(Input for this task):
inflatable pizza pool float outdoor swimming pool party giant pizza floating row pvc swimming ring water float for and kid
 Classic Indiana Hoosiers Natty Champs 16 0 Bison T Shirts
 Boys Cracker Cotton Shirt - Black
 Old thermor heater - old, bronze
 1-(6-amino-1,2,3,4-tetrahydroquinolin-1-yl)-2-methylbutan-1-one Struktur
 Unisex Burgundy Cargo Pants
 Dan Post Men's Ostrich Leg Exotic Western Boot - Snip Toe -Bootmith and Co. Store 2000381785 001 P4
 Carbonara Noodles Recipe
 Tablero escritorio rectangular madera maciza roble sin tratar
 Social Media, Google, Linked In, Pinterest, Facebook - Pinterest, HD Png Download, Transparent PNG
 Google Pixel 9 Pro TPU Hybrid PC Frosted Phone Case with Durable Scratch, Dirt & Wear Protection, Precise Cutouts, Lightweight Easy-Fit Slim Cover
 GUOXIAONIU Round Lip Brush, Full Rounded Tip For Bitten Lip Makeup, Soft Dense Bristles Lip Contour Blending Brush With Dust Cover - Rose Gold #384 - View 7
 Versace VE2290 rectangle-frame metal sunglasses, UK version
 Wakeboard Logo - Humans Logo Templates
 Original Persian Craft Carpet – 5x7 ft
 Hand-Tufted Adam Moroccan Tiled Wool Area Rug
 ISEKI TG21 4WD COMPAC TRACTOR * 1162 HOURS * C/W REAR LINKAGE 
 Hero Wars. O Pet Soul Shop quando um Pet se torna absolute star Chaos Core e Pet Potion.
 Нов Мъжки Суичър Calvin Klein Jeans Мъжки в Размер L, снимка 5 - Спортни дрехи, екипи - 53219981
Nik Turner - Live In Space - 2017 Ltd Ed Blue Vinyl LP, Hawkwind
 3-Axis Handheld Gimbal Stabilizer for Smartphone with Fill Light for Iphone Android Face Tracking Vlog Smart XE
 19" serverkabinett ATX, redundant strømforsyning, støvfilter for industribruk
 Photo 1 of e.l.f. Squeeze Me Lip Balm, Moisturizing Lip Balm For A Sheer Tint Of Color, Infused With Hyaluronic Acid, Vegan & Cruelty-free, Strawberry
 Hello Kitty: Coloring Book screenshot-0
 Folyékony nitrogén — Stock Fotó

(Directions): Among the lines of the listing, count those containing the word "Cover". Answer with the count alone.

(Response area): 2